Try forwarding some of the "X-Rated Snow White" messages you got.
;) Both
the sender (even if not on your local domain) and the recipient of the
message should receive a virus warning. The infected message is not
delivered.
* Command line switches
-ns
Don't warn sender
-nr
Don't warn recipient
-r user@domain
Force user@domain as recipient address (use if automatic detection
of recipient address fails)
-w user@domain
Send alternate warning message to user@domain (good to warn the
sysadmin)
-f user[@domain]
Apparent origin address of virus warning messages. If @domain is
omitted, local domain is used.
-av N
Use only this antivirus, even if others are installed.
Currently N may be:
0 - McAfee VirusScan (uvscan)
1 - F-Prot
2 - Panda (pavcl)
3 - Sophos (sweep)
4 - InoculateIT (inocucmd)
5 - RAV (ravav)
6 - Kaspersky (kavscanner)
7 - F-Secure (fsav)
-l
Lists the installed command-line scanners to standard output and
exit. Good to detect unexpected fudging with the begin_av/end_av
sections in /etc/odeiavir/config.
-sm host sender user
Sendmail support. This switch must only be used in the A= parameter
of the Mlocal line of sendmail.cf.
* Home Page and Latest Version
http://virus.isverybad.org/
* Suggestion, Bug Reports, Complaints, Praises, Bomb Threats etc.

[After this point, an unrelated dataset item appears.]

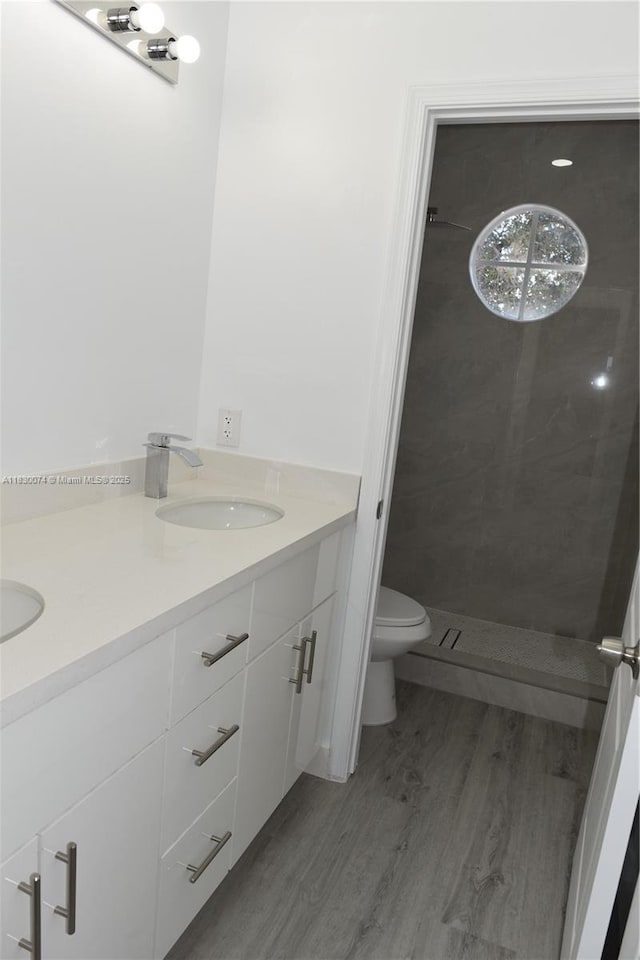 2925 SW 133rd Ave, Miramar, FL 33027 - bathroom featuring wood finished floors, double vanity, and a shower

Juan Carlos Castro y Castro <jcastro@vialink.com.br>
* Acknowledgements
Thanks to Joeri Belis <joeri.belis@nollekens.be> for the good ideas.
Thanks to Mihai Eduard Sandu <mihai.sandu@kpnqwest.com> for bugfixes
and
RAV support.
Thanks to Carl Hogue <carl@capaho.com> for the insert_odeiavir.cgi script.
Thanks to Jarmo Järvenpää <Jarmo.Jarvenpaa@softers.net> for F-Secure support.
* Terms of Use
See file "COPYING". I brake for Gnus.